Infectious Purpura: Caused by bacterial infections such as Neisseria meningitidis (meningococcal purpura) or other pathogens. These infections can lead to a purpuric rash due to the dissemination of bacteria and the resulting vasculitis.
Thrombocytopenic Purpura: Conditions like idiopathic thrombocytopenic purpura (ITP) can cause a non-blanchable rash due to low platelet counts, although the rash is more typically petechial or ecchymotic.
Vasculitis: Other forms of vasculitis, such as microscopic polyangiitis or granulomatosis with polyangiitis, can present with purpuric rashes, though they often have additional systemic symptoms.

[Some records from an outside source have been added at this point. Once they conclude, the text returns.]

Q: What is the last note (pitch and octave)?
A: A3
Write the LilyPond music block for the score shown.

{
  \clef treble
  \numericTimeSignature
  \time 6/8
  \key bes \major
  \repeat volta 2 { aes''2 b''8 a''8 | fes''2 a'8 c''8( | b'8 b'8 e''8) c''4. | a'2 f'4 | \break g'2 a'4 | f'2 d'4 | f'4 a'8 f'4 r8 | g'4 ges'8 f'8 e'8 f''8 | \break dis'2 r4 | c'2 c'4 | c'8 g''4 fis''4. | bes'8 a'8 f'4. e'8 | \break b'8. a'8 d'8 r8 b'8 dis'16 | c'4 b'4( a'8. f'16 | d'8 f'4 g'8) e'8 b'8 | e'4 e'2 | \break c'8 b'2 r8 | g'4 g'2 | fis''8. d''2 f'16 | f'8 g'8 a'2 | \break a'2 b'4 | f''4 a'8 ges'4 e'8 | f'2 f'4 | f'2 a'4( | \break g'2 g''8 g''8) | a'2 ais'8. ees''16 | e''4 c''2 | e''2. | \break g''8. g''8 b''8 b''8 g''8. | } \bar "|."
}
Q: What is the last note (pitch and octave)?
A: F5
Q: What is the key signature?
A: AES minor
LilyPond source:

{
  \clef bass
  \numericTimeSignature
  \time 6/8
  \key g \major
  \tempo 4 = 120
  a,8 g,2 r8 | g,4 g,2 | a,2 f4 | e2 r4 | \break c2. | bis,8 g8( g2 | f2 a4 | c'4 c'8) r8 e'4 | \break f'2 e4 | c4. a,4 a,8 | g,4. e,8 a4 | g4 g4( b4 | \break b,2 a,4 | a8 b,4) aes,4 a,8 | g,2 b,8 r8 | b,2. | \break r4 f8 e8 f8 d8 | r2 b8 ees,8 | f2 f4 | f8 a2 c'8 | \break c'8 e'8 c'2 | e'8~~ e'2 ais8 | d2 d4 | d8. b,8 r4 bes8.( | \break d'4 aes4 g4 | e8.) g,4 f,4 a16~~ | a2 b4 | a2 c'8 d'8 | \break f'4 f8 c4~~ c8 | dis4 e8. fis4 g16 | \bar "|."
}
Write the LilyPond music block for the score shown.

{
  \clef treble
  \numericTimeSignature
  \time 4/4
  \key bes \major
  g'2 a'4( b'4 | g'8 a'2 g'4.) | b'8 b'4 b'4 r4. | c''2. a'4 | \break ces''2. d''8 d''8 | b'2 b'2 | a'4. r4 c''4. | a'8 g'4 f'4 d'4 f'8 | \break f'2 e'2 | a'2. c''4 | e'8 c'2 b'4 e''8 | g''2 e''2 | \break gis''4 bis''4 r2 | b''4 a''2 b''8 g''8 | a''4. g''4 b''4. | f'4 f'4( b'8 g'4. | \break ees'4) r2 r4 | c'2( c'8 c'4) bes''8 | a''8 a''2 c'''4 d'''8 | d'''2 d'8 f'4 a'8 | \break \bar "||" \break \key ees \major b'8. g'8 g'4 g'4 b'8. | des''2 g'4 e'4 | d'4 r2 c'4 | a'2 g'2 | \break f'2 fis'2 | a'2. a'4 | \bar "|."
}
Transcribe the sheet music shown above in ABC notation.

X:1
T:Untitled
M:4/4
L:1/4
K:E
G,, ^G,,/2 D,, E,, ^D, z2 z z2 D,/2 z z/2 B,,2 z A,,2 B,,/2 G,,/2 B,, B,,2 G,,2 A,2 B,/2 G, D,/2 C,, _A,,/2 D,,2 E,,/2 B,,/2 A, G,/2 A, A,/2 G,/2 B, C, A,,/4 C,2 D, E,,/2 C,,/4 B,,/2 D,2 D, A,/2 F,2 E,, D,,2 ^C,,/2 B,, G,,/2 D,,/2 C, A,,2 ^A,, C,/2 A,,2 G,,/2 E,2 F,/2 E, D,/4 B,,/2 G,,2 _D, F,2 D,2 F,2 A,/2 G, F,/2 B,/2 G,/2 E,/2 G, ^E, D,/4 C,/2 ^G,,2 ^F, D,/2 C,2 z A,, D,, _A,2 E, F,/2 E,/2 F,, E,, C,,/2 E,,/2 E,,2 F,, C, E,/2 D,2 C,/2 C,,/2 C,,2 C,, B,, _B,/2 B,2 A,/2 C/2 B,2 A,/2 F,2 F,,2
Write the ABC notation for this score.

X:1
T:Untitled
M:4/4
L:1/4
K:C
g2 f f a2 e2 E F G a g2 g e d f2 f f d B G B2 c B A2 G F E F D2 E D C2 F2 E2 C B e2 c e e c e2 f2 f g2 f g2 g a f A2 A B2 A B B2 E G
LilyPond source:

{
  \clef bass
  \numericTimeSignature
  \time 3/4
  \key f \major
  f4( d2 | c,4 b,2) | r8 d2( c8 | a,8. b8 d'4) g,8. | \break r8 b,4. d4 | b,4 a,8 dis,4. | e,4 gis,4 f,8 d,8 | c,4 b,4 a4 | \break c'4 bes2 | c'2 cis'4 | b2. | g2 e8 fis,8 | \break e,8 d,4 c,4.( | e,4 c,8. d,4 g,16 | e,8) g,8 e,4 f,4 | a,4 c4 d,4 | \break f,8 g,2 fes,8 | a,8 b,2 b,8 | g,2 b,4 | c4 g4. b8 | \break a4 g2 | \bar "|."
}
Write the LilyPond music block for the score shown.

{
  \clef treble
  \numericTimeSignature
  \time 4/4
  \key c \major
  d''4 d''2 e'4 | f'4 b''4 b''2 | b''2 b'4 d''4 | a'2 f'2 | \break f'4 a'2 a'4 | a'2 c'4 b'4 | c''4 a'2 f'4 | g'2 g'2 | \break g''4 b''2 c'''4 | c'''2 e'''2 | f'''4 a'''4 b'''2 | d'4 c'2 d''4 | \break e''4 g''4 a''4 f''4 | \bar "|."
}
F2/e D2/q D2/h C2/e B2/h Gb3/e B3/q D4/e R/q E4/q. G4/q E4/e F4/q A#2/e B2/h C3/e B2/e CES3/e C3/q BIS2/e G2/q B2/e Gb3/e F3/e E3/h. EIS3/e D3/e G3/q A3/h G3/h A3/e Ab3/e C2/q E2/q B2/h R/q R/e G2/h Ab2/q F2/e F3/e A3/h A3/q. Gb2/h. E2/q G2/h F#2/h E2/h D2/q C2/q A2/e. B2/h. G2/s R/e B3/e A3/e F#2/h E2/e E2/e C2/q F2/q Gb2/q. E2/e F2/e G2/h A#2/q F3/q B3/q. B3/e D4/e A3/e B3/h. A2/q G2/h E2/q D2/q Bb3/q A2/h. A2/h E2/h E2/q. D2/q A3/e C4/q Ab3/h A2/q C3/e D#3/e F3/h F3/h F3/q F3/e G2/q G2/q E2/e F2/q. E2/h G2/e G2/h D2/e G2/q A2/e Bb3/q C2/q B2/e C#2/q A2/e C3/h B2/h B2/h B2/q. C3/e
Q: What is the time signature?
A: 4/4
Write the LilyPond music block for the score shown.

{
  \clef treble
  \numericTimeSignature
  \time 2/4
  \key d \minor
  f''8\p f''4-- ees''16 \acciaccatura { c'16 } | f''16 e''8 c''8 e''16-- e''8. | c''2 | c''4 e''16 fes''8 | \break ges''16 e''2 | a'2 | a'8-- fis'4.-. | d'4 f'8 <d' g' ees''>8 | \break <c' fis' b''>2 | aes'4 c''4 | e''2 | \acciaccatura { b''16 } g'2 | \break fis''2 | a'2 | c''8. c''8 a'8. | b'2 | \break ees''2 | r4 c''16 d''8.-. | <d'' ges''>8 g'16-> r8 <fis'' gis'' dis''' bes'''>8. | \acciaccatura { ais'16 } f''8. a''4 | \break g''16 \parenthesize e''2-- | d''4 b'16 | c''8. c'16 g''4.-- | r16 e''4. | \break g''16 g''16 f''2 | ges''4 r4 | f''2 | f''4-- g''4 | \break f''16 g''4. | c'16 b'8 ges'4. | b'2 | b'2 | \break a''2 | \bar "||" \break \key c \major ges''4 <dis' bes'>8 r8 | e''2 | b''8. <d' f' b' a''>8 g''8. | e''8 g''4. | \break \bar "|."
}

Meningococcemia: A life-threatening condition caused by Neisseria meningitidis, characterized by a rapidly progressive purpuric rash, fever, and shock. Early recognition and treatment are crucial.
Disseminated Intravascular Coagulation (DIC): A condition characterized by both widespread clotting and bleeding in the vascular system, which can present with a purpuric rash among other symptoms. It is often associated with severe underlying conditions like sepsis or trauma.
Thrombotic Thrombocytopenic Purpura (TTP): A rare disorder of the blood-coagulation system, causing extensive microscopic thrombi to form in the smallest blood vessels throughout the body. It presents with a pentad of thrombocytopenia, microangiopathic hemolytic anemia, renal failure, neurological symptoms, and fever.

Ehlers-Danlos Syndrome: A group of disorders that affect connective tissues supporting the skin, bones, blood vessels, and many other organs and tissues. Some types can lead to easy bruising and purpuric rashes due to fragile blood vessels.
Pseudoxanthoma Elasticum (PXE): A rare genetic disorder that affects the elastic fibers present in the skin, eyes, and cardiovascular system, leading to skin lesions and potential purpuric changes.
Amyloidosis: A condition characterized by the deposition of amyloid (a particular type of protein) in various tissues of the body, which can lead to a variety of symptoms including purpuric rashes, particularly when associated with bleeding or easy bruising.